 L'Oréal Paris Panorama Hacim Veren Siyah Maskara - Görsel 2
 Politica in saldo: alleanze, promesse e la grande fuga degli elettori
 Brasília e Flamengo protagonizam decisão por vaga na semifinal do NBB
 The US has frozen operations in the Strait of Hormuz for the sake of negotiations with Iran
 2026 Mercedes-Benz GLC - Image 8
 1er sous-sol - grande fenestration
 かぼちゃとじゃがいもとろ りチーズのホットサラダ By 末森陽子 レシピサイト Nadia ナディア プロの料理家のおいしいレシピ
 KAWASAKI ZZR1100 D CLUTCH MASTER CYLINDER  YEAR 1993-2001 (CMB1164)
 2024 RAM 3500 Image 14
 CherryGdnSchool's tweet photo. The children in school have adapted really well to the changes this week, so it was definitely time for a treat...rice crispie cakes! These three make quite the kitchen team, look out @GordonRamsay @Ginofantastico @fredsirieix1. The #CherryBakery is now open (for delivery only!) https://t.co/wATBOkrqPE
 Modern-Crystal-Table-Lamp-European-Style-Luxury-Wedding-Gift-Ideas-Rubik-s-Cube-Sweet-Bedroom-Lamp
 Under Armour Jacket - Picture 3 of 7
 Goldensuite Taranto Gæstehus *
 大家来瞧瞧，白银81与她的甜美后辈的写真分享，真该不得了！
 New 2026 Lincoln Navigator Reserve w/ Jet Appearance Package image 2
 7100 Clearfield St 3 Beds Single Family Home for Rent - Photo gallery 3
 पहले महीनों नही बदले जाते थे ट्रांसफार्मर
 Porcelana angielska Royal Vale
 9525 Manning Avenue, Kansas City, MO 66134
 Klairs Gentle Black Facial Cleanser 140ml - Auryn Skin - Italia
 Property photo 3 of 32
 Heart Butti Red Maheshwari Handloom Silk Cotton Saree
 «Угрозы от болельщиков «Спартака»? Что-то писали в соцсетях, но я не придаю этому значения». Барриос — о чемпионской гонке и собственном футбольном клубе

[WHAT THE TASK REQUIRES] Which lines of the records above contain the word "grande"? Show each of them.

[RESULT OF THE EXERCISE]
 Politica in saldo: alleanze, promesse e la grande fuga degli elettori
 1er sous-sol - grande fenestration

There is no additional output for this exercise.